The Biden administration is making plans to hastily restore the Trump-era “Remain in Mexico” policy that needs asylum seekers at the U.S. southern border to keep waiting in Mexico till their matters are heard.
In a statement, a DHS spokesperson said while citing Migrant Protection Protocols “As we have previously stated, we are required by court order to reimplement MPP.”
Reimplementation of MPP
The spokesperson further added “In compliance with the court order, we are working to reimplement MPP as promptly as possible.
We cannot do so until we have an independent agreement from the government of Mexico to accept those we seek to enroll in MPP. We will communicate to the court and the public the timing of reimplementation when we are prepared to do so.”
Set up by the Trump administration back in January 2019, the “Remain in Mexico” policy, or MPP, sent back migrants to Mexico to keep them waiting for asylum hearings rather than letting them stay in the United States.

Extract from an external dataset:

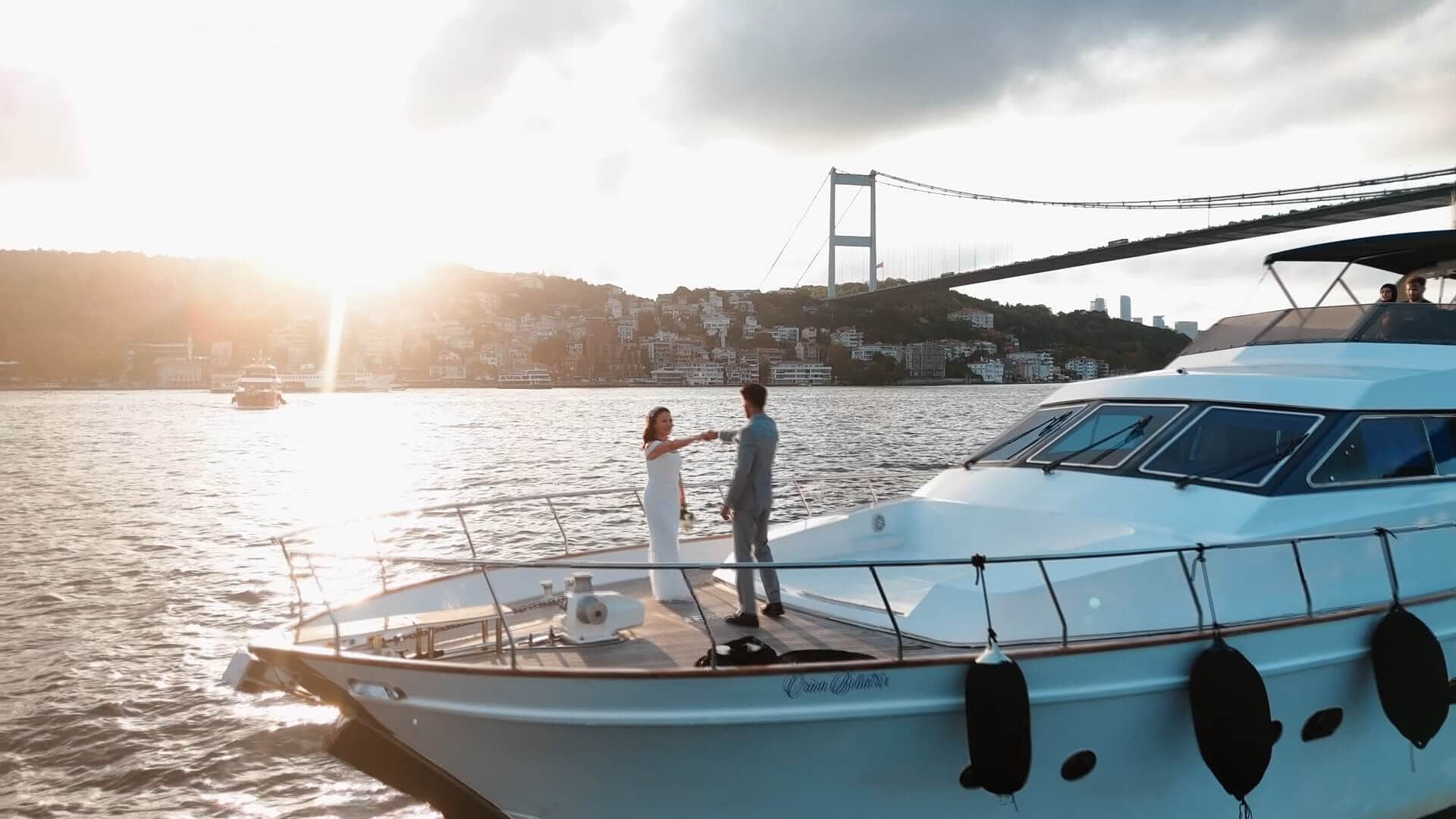 Rent a luxury yacht in Istanbul for private boat tours and special occasions.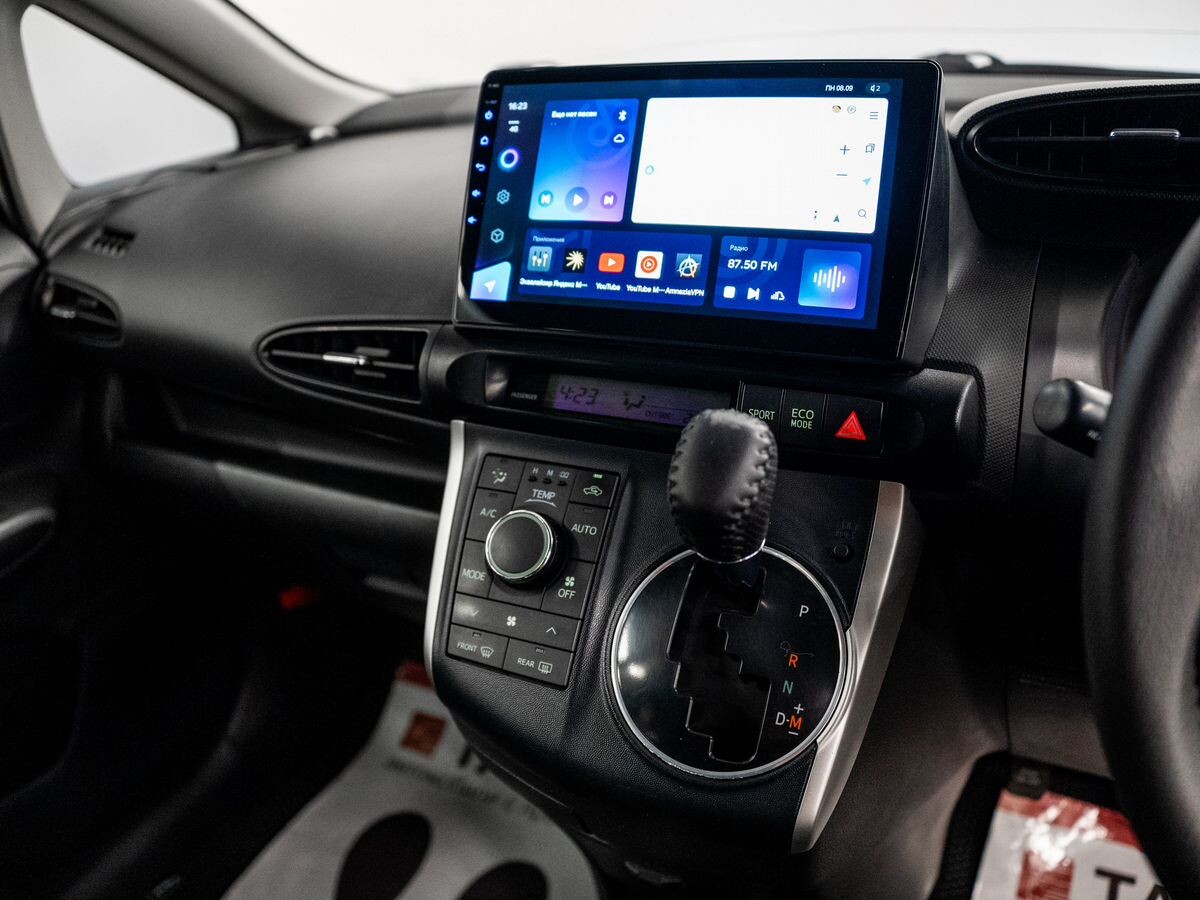 Toyota Wish 2010 - фото автомобиля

Adult Migrants to Be Allowed to Get Covid-19 Vaccine
According to two government immigration officials who spoke to Axios, under the reinstated policy, adult migrants will also be provided with the opportunity to get a COVID-19 vaccine.
Earlier this month, the Department of Homeland Security stated that it was set to reinstate MPP by the middle of November in consideration of a court order that was held by the Supreme Court, even as DHS put efforts to rescind the program by a separate method.
Supporters of the policy said that it was an efficient program that put up illegal immigrants outside the nation and minimized the “pull factors” that pull other migrants. Critics criticized it saying a brutal policy that kept migrants at risk of violence and bound them to live in filthy situations.
The Biden administration had received an order from a federal judge to “enforce and implement” the policy considering a lawsuit from Missouri and Texas, which stated that the Biden administration’s efforts to abolish it was unlawful and dangerous as well.
The ruling came following Alejandro Mayorkas, who is Homeland Security Secretary, but the stayed on the program in June, saying at the moment that the policy lacked to “adequately or sustainably enhance border management in such a way as to justify the program’s extensive operational burdens and other shortfalls.”